The register F* 18 VI 133 also contains a listing entitled "Enregistrement des estampes autorisées par ordre du conseiller" (lfs. 161-62), which has also been transcribed for the Image of France project and is available alongside the other three listings.

The official guide to the bureau’s papers (Etat sommaire des versements…, 1933) makes similar reference to an additional source in the register F* 18 VI 49. However, the true purpose of this register is not clear. It consists of an untitled, chronological enumeration of brief titles of prints and photographs which were subject to examination and reporting between 10 mars 1854 and 30 avril 1860. In some cases, the title information is much too brief to identify the work in question, which is not otherwise referenced. A column labeled “résultat du rapport” carries one of two indications for each entry: “Réfusé” or “Bon”. The vast majority are noted “bon”. Many of the examples noted “réfusé” from the years 1859 and 1860 cannot be verified in the corresponding listings of the "Enregistrement des planches non autorisées sans texte" (1859-1864), F* 18 VI 133, lfs. 2-21. Also, many of these examples, noted “refusé”, appear to have been announced for publication shortly thereafter in the journal La Bibliographie de la France. Until more is known of the function of the register, it has seemed inappropriate to extract listings from it for presentation with the Image of France.

In fact, very little evidence has surfaced concerning the management of information about censored prints. Ceretainly, it would not be justified to generalize throughout the entire period (1820-1880) from M.P. Driskell’s exemplary study (“Singing the Marsaillaise in 1840: the case of Charlet’s censored prints,” Art Bulletin, 69 [1987], p. 604-625”). The surviving record of the activity of apriori review during the 1820’s appears to be little more than a statistic of refused prints periodically prepared for the Minister of the Interior. The annual statistic of prosecutions of unauthorized prints beginning in 1827 is notewothy, but its totals would include cases in which prints were never even submitted for approval or legal deposit in the first place (see G.D.McKee, “La Surveillance officielle de l’Estampe entre 1810 et 1830,” Nouvelles de l’Estampe, no. 188 [2003], pp. 23-35 and no. 189 [2003], p. 69). During the 1870’s, on the other hand, the registers of legal deposit for prints and photographs carry the regular annotation “sans autorisation,” often abbreviated “S. A.”, which suggests that copies of refused prints were being accepted on deposit and forwarded to the national library. This was probably the case of the many examples of listings in these registers which were annotated “sans étalage” – i.e., approved for publication on condition that they not be publicly displayed.
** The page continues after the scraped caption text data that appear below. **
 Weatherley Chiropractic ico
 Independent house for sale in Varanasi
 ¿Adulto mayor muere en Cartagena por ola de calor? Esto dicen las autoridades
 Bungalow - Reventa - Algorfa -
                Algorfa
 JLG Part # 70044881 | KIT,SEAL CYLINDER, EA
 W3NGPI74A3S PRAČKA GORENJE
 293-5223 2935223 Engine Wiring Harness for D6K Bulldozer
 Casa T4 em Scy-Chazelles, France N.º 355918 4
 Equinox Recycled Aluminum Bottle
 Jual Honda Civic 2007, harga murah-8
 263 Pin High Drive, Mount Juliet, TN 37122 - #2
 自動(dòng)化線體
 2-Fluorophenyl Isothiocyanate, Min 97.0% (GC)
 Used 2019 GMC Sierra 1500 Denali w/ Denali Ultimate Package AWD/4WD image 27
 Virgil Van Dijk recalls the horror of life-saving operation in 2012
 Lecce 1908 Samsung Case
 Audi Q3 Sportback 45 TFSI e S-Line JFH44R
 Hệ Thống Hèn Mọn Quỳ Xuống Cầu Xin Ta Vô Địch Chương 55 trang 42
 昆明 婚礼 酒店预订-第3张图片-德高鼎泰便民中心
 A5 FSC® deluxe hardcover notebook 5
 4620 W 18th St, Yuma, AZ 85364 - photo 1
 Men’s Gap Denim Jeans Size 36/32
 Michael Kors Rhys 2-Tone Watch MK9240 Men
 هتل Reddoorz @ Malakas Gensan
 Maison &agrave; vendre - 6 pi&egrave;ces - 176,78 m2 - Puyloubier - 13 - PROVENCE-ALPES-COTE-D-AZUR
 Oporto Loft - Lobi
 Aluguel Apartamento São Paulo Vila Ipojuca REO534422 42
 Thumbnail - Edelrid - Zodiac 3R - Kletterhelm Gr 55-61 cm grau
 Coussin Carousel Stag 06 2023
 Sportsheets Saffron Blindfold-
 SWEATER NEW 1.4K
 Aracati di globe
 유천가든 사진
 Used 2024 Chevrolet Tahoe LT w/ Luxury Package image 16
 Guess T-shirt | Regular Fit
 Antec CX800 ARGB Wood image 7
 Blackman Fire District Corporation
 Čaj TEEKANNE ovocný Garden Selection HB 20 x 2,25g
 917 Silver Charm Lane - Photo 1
Despite the expressed concerns of curators at the national library to obtain copies of works which were subject to prosecution, as a matter of historical record, it is not evident that the government retained copies of prints which it did not authorize for publication before 1848 (cf. above references and also E. de Conihout, Recherches sur l’administration de la librairie, 1815-1848, thesis, Ecole nat. des Chartres, 1980, p. 453) – not, at least, until they were modified and eventually approved. The administration of censorship clearly permitted a work's resubmission with modifications, which explains why some of the listings of refused prints presented here, as a part of the Image of France project, appear at later dates in the announcements of the Bibliographie de la France ( Driskell’s article, above, discusses examples of the resubmission of works in the career of the artist Charlet).

Further information on these subjects may be found in R. J. Goldstein's Censorship of Political caricature in nineteenth-century France (1989) and in the article "Managing the Image of France" at the Image of France website.